THE LEARNING CURVE

​A MAGAZINE DEVOTED TO GAINING SKILLS AND KNOWLEDGE

THE LEARNING AGENCY LAB’S LEARNING CURVE COVERS THE FIELD OF EDUCATION AND THE SCIENCE OF LEARNING. READ ABOUT METACOGNITIVE THINKING OR DISCOVER HOW TO LEARN BETTER THROUGH OUR ARTICLES, MANY OF WHICH HAVE INSIGHTS FROM EXPERTS WHO STUDY LEARNING. 

Learning Technology for Deeper Learning

Learn how learning technologies can facilitate deeper forms of learning.

Learn how learning technologies can facilitate deeper forms of learning.

Learning technology has proven itself indispensable in many ways during COVID-19 school closures. It’s been far from perfect, of course, but platforms like Google Classroom and Canvas allowed teachers to communicate with their students, and assign and grade work. 

Meanwhile, math homework platforms from ASSISTments and Carnegie Learning helped many students learn and make progress at home; CommonLit helped students progress in ELA with reading passages, quizzes, and other resources; and TalkingPoints kept non-native English speaking families informed about their students’ education. The discipline of learning engineering, which involves leveraging learning technology to study learning and iteratively improve learning platforms, has contributed to many of these successes. 

But, during the pandemic, the technology has only gone so far in recreating a rich educational experience, even in classes where teachers have made good decisions about which technologies to adopt. Many teachers, students, and parents have been frustrated because complex skills — like critical thinking, collaboration, and deeper forms of written and oral communication — have been hard to teach during COVID. Clearly, learning technology is mostly not yet suited to facilitate this kind of instruction. 

But is this limitation simply inherent, or can learning technology rise to the challenge? We’d argue that there is a lot of potential for learning technologies that facilitate these deeper forms of learning.

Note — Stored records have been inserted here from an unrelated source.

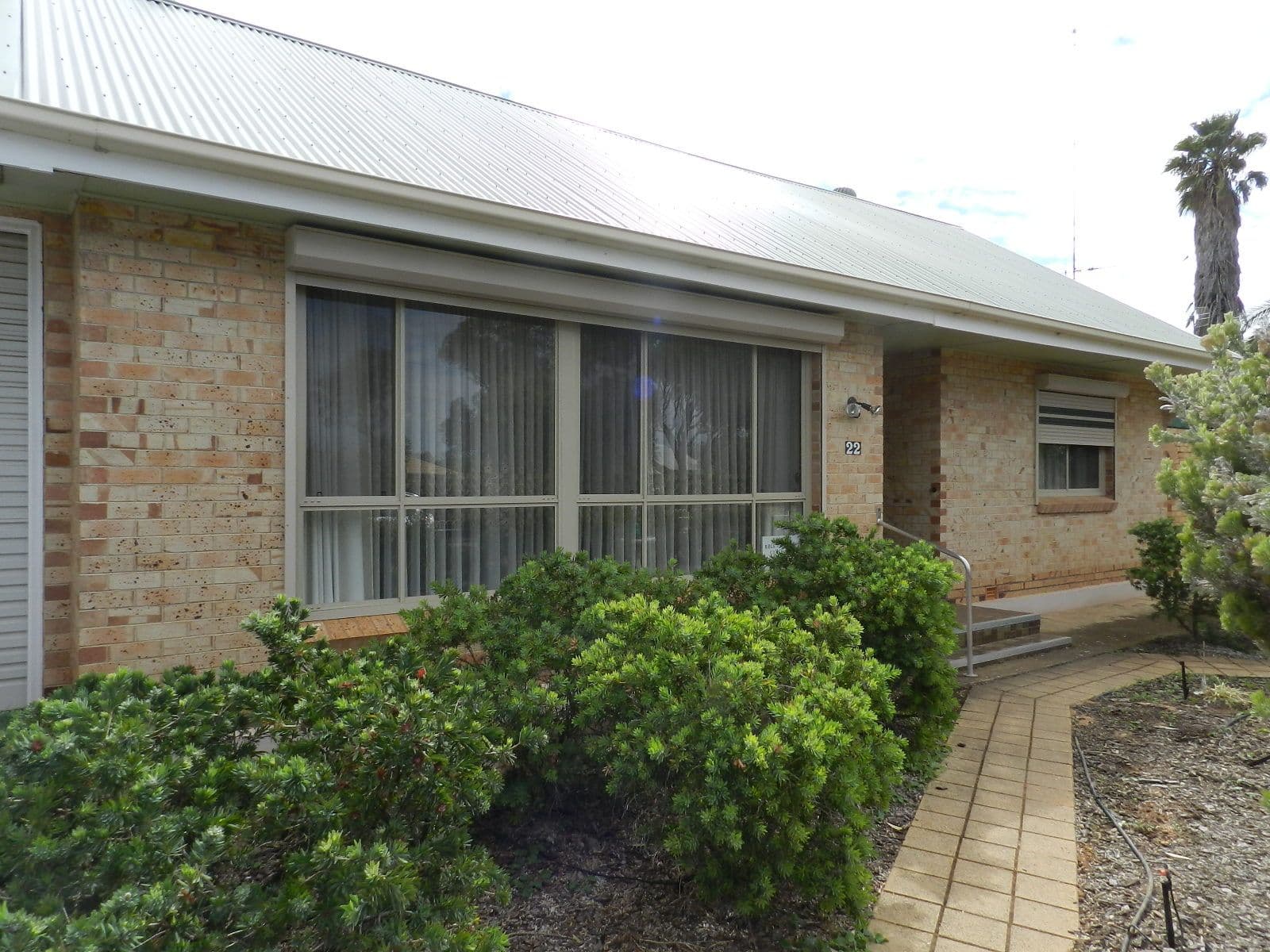 22 Dickerson Street, BARMERA SA 5345, Barmera - Image 1
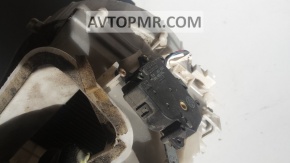 Actuator motor for the heater ventilation system of the Lexus ES300 ES330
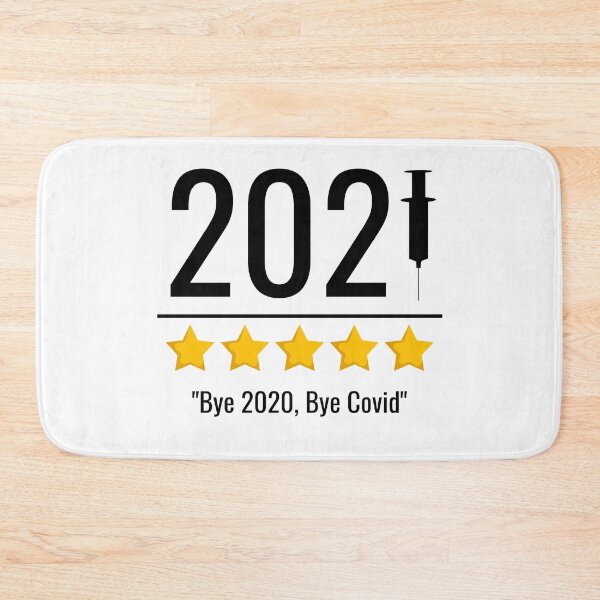 Item preview, 2021 Five Stars Rating - Covid Cure designed and sold by Louay Oudi.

Natural language processing and machine learning, in particular, have made whole new kinds of instruction, assignments, and assessment possible.

The Importance of “Soft Skills”

Let’s back up and talk a bit about why these skills are so important and the challenges to teaching them. Skills like critical thinking and the ability to work collaboratively are prized by employers. Three out of four employers surveyed said these soft skills were lacking in their applicants. These skills are absolutely crucial in a rapidly changing technological and economic environment, where young people will be expected to reason through complicated problems, work in teams, and adapt quickly to changing circumstances. 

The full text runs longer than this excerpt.